Some of the relevant entries had already liquidated more than 180 days prior to Commerce's instructions. Nevertheless, the importer filed a protest with CBP, arguing that it was valid because it was filed within 180 days of the instructions. The trade court disagreed, finding that the protest was challenging a Commerce decision, not a Customs one. As such, it belonged under Section 1581(c), as opposed to Section 1581(a), as the plaintiffs had claimed, Judge Stephen Vaden said.
SIS then mounted an unsuccessful bid for reconsideration after CBP later granted another of its protests pushing for the same CVD rate correction. Vaden said that the lesson in the case was both "clear and stark: Don't sit on your rights" (see 2109200019).
The tire importer then appealed to the Federal Circuit, where it is now arguing that its protests were timely filed. CBP's decision not to issue the refund that was required by the law on the overpayment of countervailing duties -- a refund that should have been automatically processed -- prompted the protests out of an "abundance of caution," the brief said. The date the liquidation instructions were issued is "both the earliest date CBP arguably had authority to issue refunds, as well as the earliest date [SIS] could have been alleged to have notice of the CVD rate change."
SIS, which filed the lawsuit under the name Acquisition 362, then sought to convince the appellate court of its jurisdiction under Section 1581(a).
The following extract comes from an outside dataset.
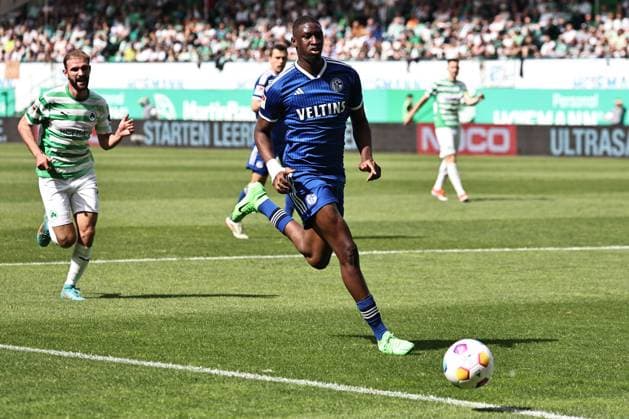 Ibrahima Cisse, S04, in the second round match of the 2023 2024 season between SpVgg Greuther Fürth and FC Schalke 04 2 0 in Fürth 19 05 2024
The importer said that CIT has decided that even though the company took the proper steps following the rate change, it has no legal right to enforce its demand for the money that it is "unmistakably" owed. "Defendant’s agency fails to uphold the law, Defendant keeps the spoils of that failure, and A362 has no ability to access any court review of those activities," the brief said.
"If affirmed, the CIT dismissal of A362’s timely action leaves A362 without a remedy, establishing precedent that requires A362 to file legally-unsustainable protests even before the CVD rate is changed and before A362 had any entitlement to a refund, the importer said. That is both nonsensical in practical application and unsupported by the language of the guiding statutes."